Even the good old boys seem to have noticed the public’s desire to make fiction a reality through the electric and autonomous vehicle movement. OEMs (original equipment manufacturers) like Ford, General Motors, Fiat Chrysler, Dodge, Chevrolet, Toyota, Honda, Hyundai, Nissan, Volkswagen, Daimler, Porsche, and BMW are investing millions of dollars in R&D and marketing advertisements each year to secure their financial futures in the EV market. Everyone knows Super Bowl ads are some of the most coveted and expensive slots on television. During Super Bowl LVI, seven companies, including BMW, General Motors, Hyundai, Kia, Polestar, Chevrolet, and Porsche, each spent $6.5 million for a 30-second spot to highlight top A-list Hollywood stars driving and admiring their own unique electric car concepts. The exorbitant cost does not even consider the fee for the actors.2

It is quite ironic to note in a short 32 years, Arnold Schwarzenegger transitioned from riding in the fictional Johnny Cab in Total Recall to portraying a fictional character named Zeus riding in a real-life BMW iX electric car. Fiction is now modern real-world science, and this science is meshing into our modern society’s social circles.

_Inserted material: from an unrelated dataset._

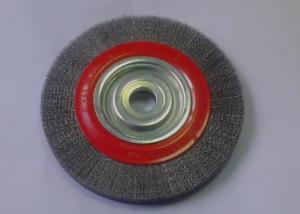 Wholesale Circular Stainless Steel Wire Wheel Brush 250 X 32mm Perfect For Removing Rust from china suppliers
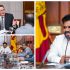 රනිල්ගෙ වැල් පාලමේ  එල්ලීගෙන යන  අනුරකුමාර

1 Doll, Electrek, “How many Americans expect to never drive an EV in their life? New driver report reveals it is more than you think,” January 4, 2022 https://electrek.co/2022/01/04/how-many-americans-expect-to-never-drive-an-ev-in-their-life-new-driver-report-reveals-it-is-more-than-you-think/
2 Mitchell, Newsweek, “Exactly How Much Do Super Bowl Ads Cost?” February 13, 2022 https://www.newsweek.com/how-much-do-super-bowl-ads-cost-commercials-nbc-1677924

Part Two

On April 8, 2022, Bloomberg reported, “The world is about to pass another important milestone in electric vehicle adoption: 20 million plug-in vehicles on the road globally, come June, according to BNEF estimates. That’s remarkable growth from only 1 million EVs (electric vehicles) on roads in 2016. In the second half of 2022, almost a million EVs a month will be added to the global fleet. That’s about one every 3 seconds.”1

Out of those millions of global EVs, without question, one company holds the advantage of amassing these monumental numbers. According to Experian Automotive, 69.95% of EVs purchased in the US in 2021 rolled out of Tesla factories. Nissan came in second place at an underwhelming 8.51%.2 Embodying the likes of the eclectic Marvel characters Howard and Tony Stark, Tesla’s CEO, Elon Musk, stands out as a strong thought leader and innovator in the evolving EV automotive industry space. Musk’s determination, innovative business style, and expansion of unique projects continue to wow and intrigue a public already hungry for the coveted autonomous utopia from the silver screen.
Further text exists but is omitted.